Data records:
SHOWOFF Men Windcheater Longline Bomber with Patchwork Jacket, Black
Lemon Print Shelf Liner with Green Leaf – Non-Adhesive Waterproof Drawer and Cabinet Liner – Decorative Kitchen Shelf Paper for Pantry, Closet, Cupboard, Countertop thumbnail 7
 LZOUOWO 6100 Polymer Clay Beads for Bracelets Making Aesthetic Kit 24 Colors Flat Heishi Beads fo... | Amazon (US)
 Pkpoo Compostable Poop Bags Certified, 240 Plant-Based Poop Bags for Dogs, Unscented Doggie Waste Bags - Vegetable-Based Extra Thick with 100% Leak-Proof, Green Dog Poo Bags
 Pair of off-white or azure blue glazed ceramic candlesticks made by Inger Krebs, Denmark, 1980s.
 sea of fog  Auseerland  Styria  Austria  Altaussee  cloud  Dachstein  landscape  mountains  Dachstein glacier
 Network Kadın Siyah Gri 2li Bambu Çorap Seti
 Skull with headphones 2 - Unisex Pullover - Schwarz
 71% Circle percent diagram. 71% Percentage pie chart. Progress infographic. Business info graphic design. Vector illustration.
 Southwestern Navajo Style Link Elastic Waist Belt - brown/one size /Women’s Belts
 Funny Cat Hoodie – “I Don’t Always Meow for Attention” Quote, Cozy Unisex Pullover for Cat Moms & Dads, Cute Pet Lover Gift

- [Work item]:
Please retype the top of the data exactly, down to and including the line that holds "Network Kadın Siyah Gri 2li Bambu Çorap Seti", and nothing further.

- [Result of the task]:
SHOWOFF Men Windcheater Longline Bomber with Patchwork Jacket, Black
Lemon Print Shelf Liner with Green Leaf – Non-Adhesive Waterproof Drawer and Cabinet Liner – Decorative Kitchen Shelf Paper for Pantry, Closet, Cupboard, Countertop thumbnail 7
 LZOUOWO 6100 Polymer Clay Beads for Bracelets Making Aesthetic Kit 24 Colors Flat Heishi Beads fo... | Amazon (US)
 Pkpoo Compostable Poop Bags Certified, 240 Plant-Based Poop Bags for Dogs, Unscented Doggie Waste Bags - Vegetable-Based Extra Thick with 100% Leak-Proof, Green Dog Poo Bags
 Pair of off-white or azure blue glazed ceramic candlesticks made by Inger Krebs, Denmark, 1980s.
 sea of fog  Auseerland  Styria  Austria  Altaussee  cloud  Dachstein  landscape  mountains  Dachstein glacier
 Network Kadın Siyah Gri 2li Bambu Çorap Seti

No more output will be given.